The point I’m making is this; that even at the manufacturing level, hell, ESPECIALLY at the manufacturing level, the entire process is about managing trade offs.
Quality: What level of quality does the customer demand? What level of quality is the customer willing to pay for? Just as importantly, what is the customer willing to trade away to get it to that price? Reliability? Features? Do these concepts impact the purchaser of the console differently than the user? How will our choice effect cost of goods needed to make the product? How will cost of goods impact pricing for the customer? How will the cost of goods impact profit margin on the product?

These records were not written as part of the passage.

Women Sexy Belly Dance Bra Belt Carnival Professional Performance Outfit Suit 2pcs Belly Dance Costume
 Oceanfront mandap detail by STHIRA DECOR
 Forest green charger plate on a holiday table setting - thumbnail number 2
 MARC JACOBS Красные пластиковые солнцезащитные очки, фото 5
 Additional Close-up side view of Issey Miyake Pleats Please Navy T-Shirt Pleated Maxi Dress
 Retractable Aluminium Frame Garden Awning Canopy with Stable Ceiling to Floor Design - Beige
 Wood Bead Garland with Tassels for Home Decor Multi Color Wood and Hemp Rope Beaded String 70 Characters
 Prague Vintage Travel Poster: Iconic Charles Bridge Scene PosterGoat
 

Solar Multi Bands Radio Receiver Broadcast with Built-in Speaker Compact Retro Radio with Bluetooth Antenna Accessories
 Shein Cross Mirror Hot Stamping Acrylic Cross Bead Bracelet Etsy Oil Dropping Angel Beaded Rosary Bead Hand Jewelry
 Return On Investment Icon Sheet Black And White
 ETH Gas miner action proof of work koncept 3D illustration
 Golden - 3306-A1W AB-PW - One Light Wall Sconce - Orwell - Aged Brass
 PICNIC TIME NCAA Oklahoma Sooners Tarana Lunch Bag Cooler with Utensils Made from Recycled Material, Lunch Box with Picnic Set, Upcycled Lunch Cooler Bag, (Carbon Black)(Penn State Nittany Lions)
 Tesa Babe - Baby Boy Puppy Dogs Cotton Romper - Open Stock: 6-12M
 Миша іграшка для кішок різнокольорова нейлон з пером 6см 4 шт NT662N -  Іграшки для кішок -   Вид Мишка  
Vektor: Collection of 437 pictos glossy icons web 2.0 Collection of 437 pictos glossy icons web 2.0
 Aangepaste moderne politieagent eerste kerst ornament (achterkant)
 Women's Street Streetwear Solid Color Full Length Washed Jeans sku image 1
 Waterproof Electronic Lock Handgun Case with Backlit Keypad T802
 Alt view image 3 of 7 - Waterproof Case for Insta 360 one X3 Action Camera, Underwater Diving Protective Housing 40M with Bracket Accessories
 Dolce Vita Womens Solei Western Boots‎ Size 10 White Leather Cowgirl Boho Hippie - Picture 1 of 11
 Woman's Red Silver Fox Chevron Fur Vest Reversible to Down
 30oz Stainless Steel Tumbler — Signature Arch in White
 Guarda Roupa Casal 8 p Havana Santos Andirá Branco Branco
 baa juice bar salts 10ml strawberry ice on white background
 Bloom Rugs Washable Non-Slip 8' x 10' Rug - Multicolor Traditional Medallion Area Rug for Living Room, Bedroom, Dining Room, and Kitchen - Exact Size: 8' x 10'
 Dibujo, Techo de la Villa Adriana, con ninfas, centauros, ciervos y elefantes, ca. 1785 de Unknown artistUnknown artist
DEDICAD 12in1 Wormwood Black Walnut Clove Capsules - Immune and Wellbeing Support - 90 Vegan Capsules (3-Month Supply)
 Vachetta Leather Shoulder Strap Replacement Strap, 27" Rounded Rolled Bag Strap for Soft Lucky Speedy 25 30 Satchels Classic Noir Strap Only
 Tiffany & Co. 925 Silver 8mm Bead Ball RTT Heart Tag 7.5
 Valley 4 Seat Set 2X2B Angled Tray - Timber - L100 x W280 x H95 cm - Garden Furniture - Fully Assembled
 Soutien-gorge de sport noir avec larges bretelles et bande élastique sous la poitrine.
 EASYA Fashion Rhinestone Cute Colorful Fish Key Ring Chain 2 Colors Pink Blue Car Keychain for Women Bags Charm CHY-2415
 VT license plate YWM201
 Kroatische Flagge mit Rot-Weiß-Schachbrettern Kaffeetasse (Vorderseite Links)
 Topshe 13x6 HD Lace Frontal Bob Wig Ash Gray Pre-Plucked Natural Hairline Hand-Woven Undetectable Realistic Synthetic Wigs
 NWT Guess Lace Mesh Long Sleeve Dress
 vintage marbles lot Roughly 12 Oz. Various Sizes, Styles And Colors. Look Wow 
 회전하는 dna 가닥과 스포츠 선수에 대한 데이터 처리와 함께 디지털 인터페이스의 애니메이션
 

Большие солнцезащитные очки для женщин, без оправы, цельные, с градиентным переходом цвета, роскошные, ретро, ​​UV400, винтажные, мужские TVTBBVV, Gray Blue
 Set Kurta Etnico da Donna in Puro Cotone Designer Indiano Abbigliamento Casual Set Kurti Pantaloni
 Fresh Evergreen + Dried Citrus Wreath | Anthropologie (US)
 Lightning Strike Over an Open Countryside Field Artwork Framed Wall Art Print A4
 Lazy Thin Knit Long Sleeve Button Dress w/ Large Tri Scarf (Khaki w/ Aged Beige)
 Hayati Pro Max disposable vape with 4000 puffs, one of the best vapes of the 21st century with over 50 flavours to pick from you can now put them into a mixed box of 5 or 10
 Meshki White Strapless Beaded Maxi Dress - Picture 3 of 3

Ease of Use: What level of user are we targeting with this technology? How much complexity can the users base manage? How important to the user is “ease of use measured” against reduced capability?
Value: How long does the product need to be relevant in the market? What is the price break point for vendors to be able to rent it? How much will it cost our company to keep it relevant and making money vs. creating a new product offering? If we close down the product early, what is the potential negative impact from the customers toward the company and future products?
And on and on and on it goes. There are literally dozens more mindsets and trade off challenges that contribute to an incredibly complex formula for creating a successful product. What I learned very quickly was that product design and manufacturing is the major leagues of managing trade-offs. Every detail conceivable. Every part, every penny, every action, every response is considered and accounted for before making any decision. It is hard, challenging work that requires the rational and level headed mastery of a range of skills from human resource management, to physical asset management to crystal ball management.
And so it goes in our little corner of the world known as live pro audio. There is rarely if ever an absolute answer to any challenge you face; just the choice between the better of two evils when measured against the context of the situation. The goal of course is to “choose wisely.” And yes, we all have to give our father’s credit here, he was totally right ya know. “You can’t taste wisdom without first chewing thru experience“. Or my favorite version of this; “Experience is what you get right after you needed it” #worddad
At the end of it all, we can only hope to tally up our results and just like in the Indiana Jones movie where Indiana is presented with a choice: If you’re still standing and your face hasn’t melted off after you’ve made your choice,, you’ll get to hear the Templar Knight say “you chose wisely”.